I am alas, bereft in a void
of brevity.”,
said the moth to the butterfly.
“Oh, so you’re not coming out
tonight then?”
The butterfly looked at the moth
intently, then upwards.
“No, and don’t try to cheer me
with lunar night magic
or tell me that there’s always time
tomorrow.”, continued the moth.
“Mothy, you big fool!”,
said the fiery, orange butterfly,
she had a surprisingly deep voice
for one of her fragile kind,
and it shook Mothy
like tales of the summer moon.
“You always get melancholy
remembering your Cocoon-day,
man, you have at least
ten days
to live.

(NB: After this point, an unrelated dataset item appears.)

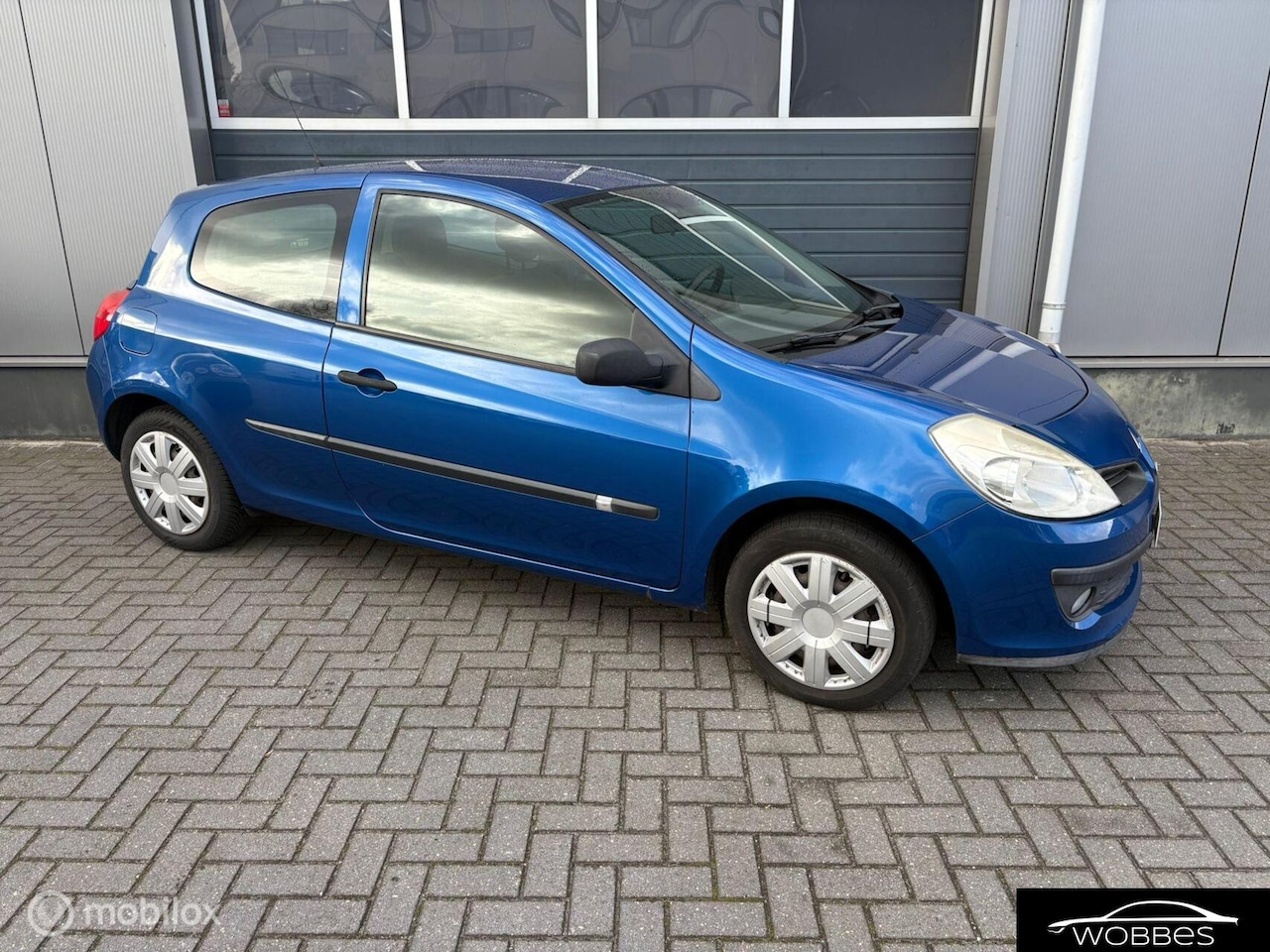 Renault Clio - 1.2-16V Special Line 1.2-16V Special Line - AutoWereld.nl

C’mon, give it a break,
that is as we both know
a veritable lifetime.”
With that the butterfly
flew off, a smile looking back,
with wings, vivid as a lake sunrise
and the moth imagined a poem
about a butterfly
as bright, as cool
as an energy saving light bulb
(if that were possible)
Upon a favoured rhubarb leaf
some three days later,
he carefully wrote it down
intending to show her,
but by then it was too late,
as the butterfly had passed away
that very summer morning.
Even the moon was obscured
that uneasy night, missing
part of its symmetrical shape,
one other crescent half,
then two winged clouds parted
and it unveiled to what he thought
was never seen, not possible,
an orb so fine, so orange,
it might have been electric.
Oh Butterfly, he thought,
you did see my poem.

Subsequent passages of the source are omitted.